▶ [ABOUT THIS EXERCISE] Return the data that follows exactly as it appears. Pictures do not belong in the copy.

▶ [SUPPLIED INFORMATION]
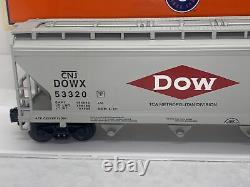 Lionel METCA Dow 3-Bay ACF Hopper Jersey Central Overstamp New O TCA RGS 1 of 20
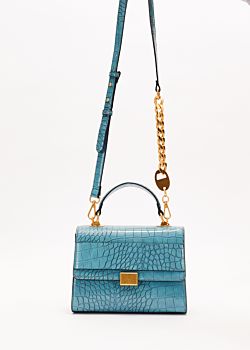 Mini sac avec imprim&eacute; croco Gaudì Fashion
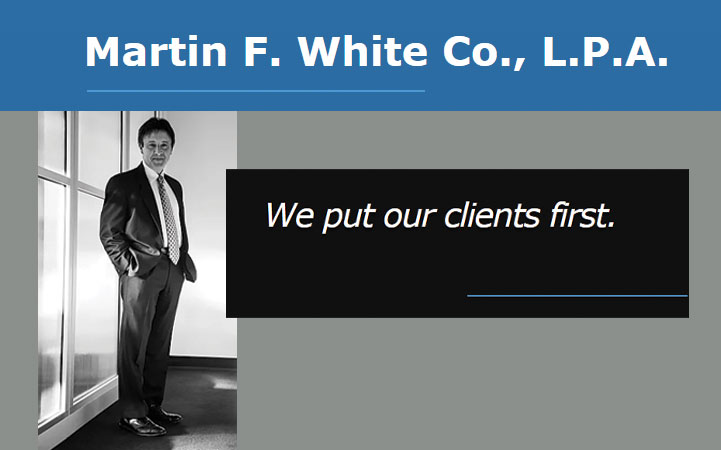 MARTIN F WHITE CO LPA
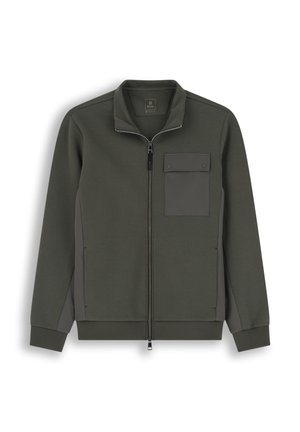 Boggi Milano, Sweat zippé - military green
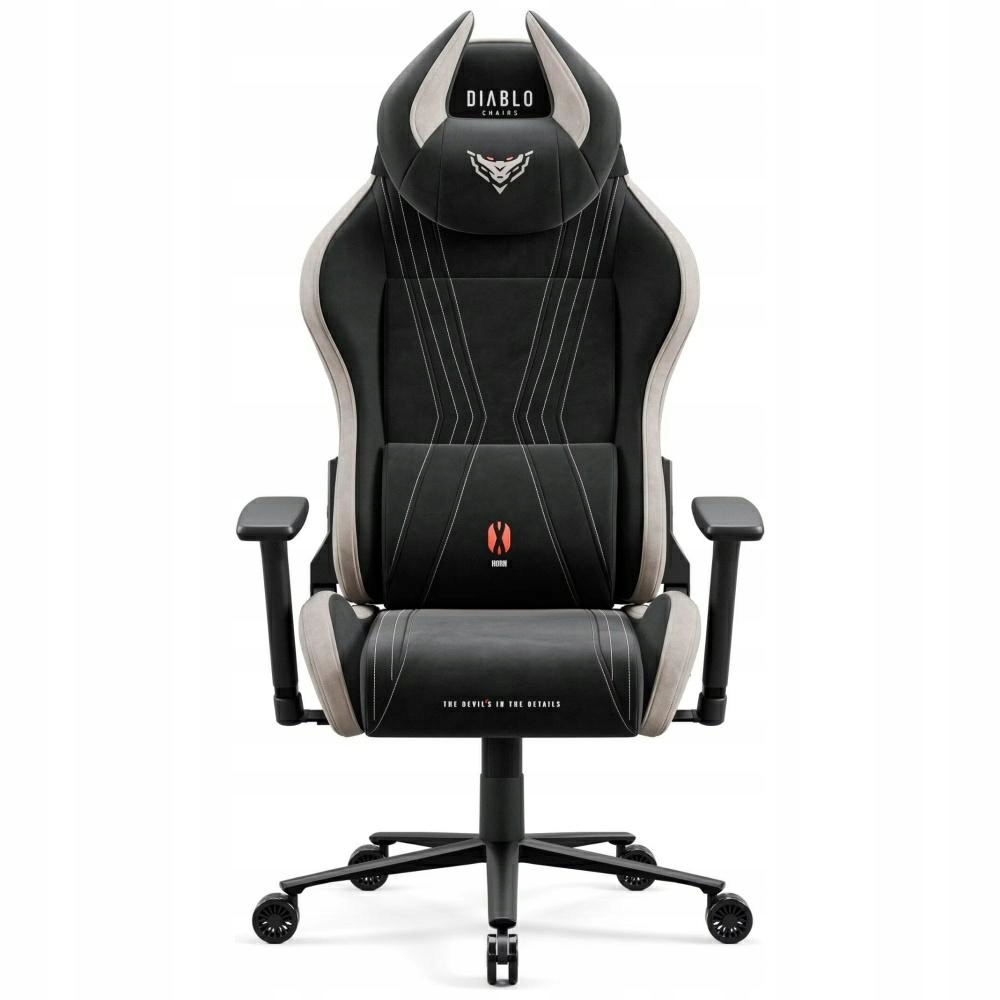 Herní židle Diablo Chairs X-Horn 2.0 černá camel Normal Size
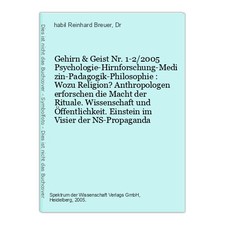 Gehirn geist 2005 gebraucht kaufen  Grasellenbach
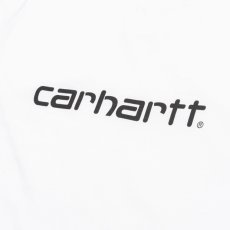 画像2: CARHARTT WIP  S/S SCRIPT T-SHIRT (White/Black) (2)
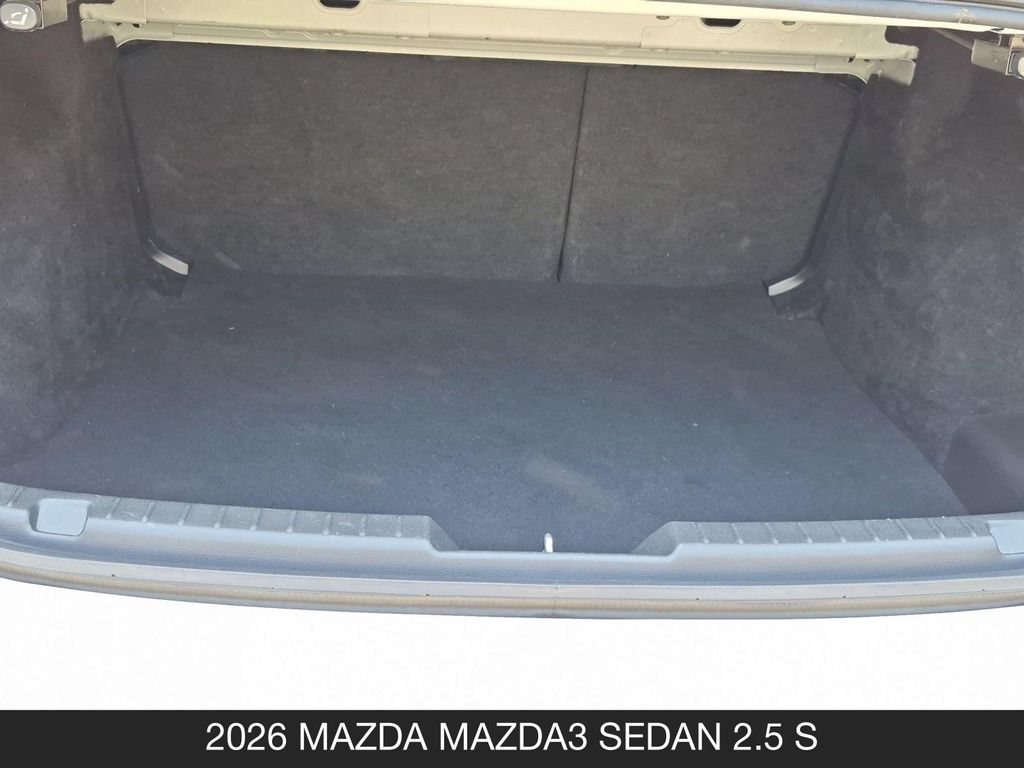 Used 2026 MAZDA MAZDA3 s FWD image 23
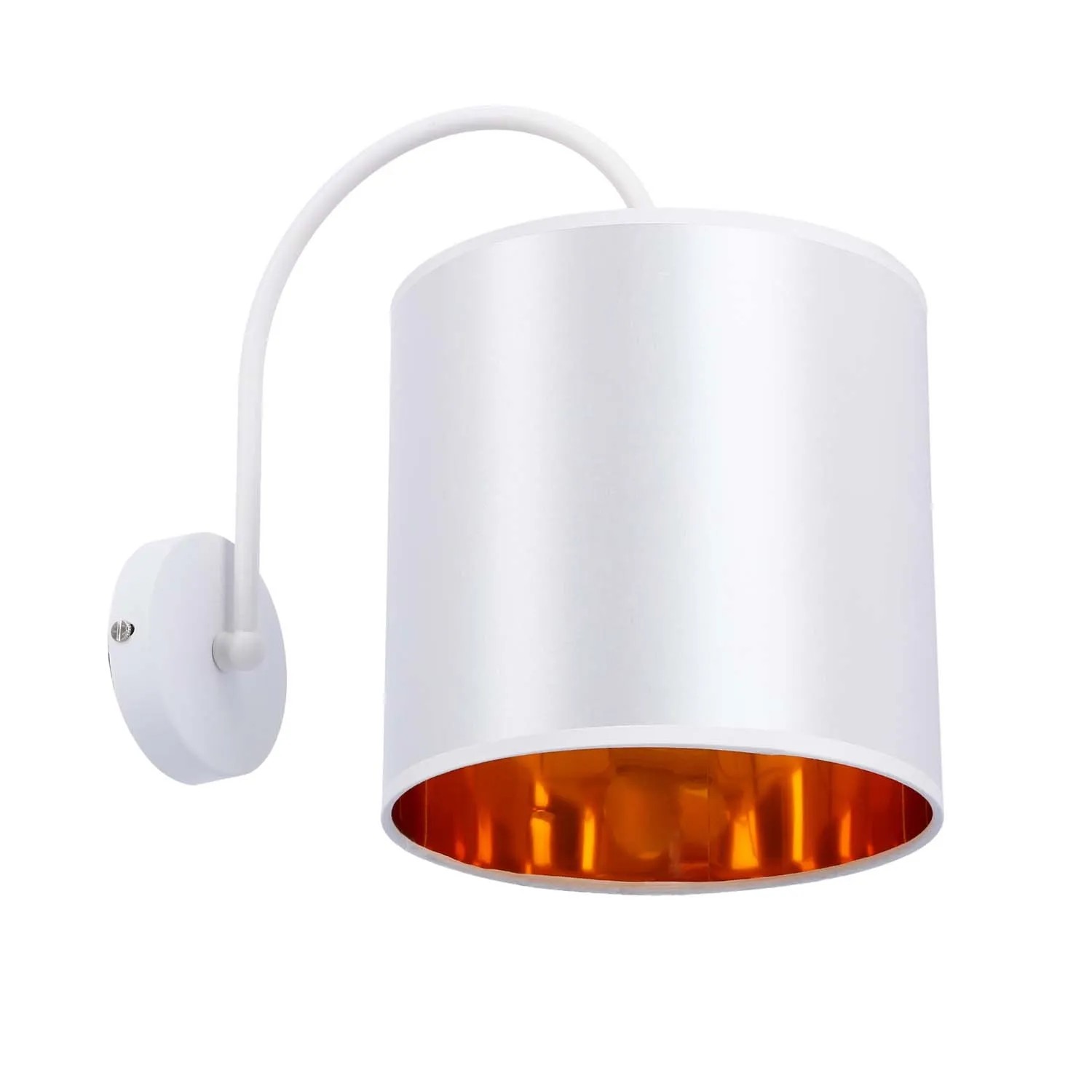 Candellux Kinkiet TANTLA 1xE27 40W biały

▶ [WRITTEN REPLY]
 Lionel METCA Dow 3-Bay ACF Hopper Jersey Central Overstamp New O TCA RGS 1 of 20
 Mini sac avec imprim&eacute; croco Gaudì Fashion
 MARTIN F WHITE CO LPA
 Boggi Milano, Sweat zippé - military green
 Herní židle Diablo Chairs X-Horn 2.0 černá camel Normal Size
 Gehirn geist 2005 gebraucht kaufen  Grasellenbach
 画像2: CARHARTT WIP  S/S SCRIPT T-SHIRT (White/Black) (2)
 Used 2026 MAZDA MAZDA3 s FWD image 23
 Candellux Kinkiet TANTLA 1xE27 40W biały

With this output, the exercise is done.